Lampedusa, como el esmerado ensayo El héroe y el único, está atravesado por la heroicidad; y, en casos, en sentidos donde la moralidad deja paso a la personal manera de enfrentarse –o bien, de autoimponerse uno- al Destino; tal como el mismo Argullol contase sobre Keats y aquella carta donde aceptaba la derrota de la existencia, pero, a la vez, se mostraba decidido a intentar rozar algo de gloria.

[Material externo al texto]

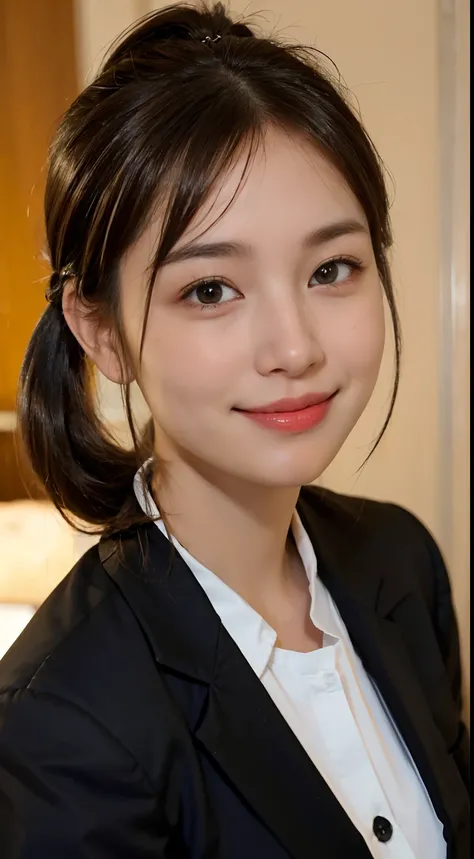 1 pretty girl，white skinned，brown  hair，looking at viewer，pony tail, happy smile, black suit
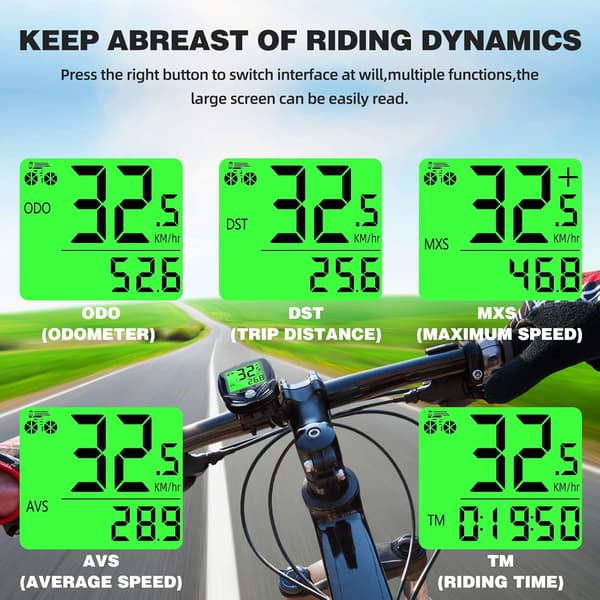 Trådløs cykelcomputer universal 19 funktioner IP54 vandtæt, cykel speedometer kilometertæller cykelcomputer med display, sort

Entonces, no importa que Carracci sedujese a la adolescente Claretta para casarse por un rato con ella, ni que no sintiera el peso de la conciencia por habérsela arrebatado a otro muchacho que quizás si la hubiera hecho feliz, o que al menos hubiera sido feliz con ella y durante más tiempo; que fuese un hombre que, luchando con los fascistas en Addis Abeba, disfrutaba indolente -más o menos como los demás-, de las glorias del caos de la guerra. Lo que importa, que termina siendo sólo una cosa, sólo Irene -que, acaso, además de todo lo demás, pueda ser arquetipo de la mismísima belleza-, es la única vara con la que medir la vida; lo otro es accesorio para Carracci, y, como todo accidente, bello o fatal, pasajero. Aunque sea obra “de la consecuencia destructora del amor”.